§ Data supplied:
-----
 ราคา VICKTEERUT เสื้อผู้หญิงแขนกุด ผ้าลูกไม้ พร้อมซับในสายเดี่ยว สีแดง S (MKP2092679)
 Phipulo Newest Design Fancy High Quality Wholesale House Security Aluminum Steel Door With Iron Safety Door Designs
-----
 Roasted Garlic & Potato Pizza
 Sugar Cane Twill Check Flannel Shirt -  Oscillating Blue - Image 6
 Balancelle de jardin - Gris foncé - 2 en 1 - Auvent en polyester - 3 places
-----
§ Task item: Reproduce exactly the lines above from the line with "ราคา VICKTEERUT เสื้อผู้หญิงแขนกุด" to the line with "Phipulo Newest Design", including both, and add nothing.

§ Exercise solution:
 ราคา VICKTEERUT เสื้อผู้หญิงแขนกุด ผ้าลูกไม้ พร้อมซับในสายเดี่ยว สีแดง S (MKP2092679)
 Phipulo Newest Design Fancy High Quality Wholesale House Security Aluminum Steel Door With Iron Safety Door Designs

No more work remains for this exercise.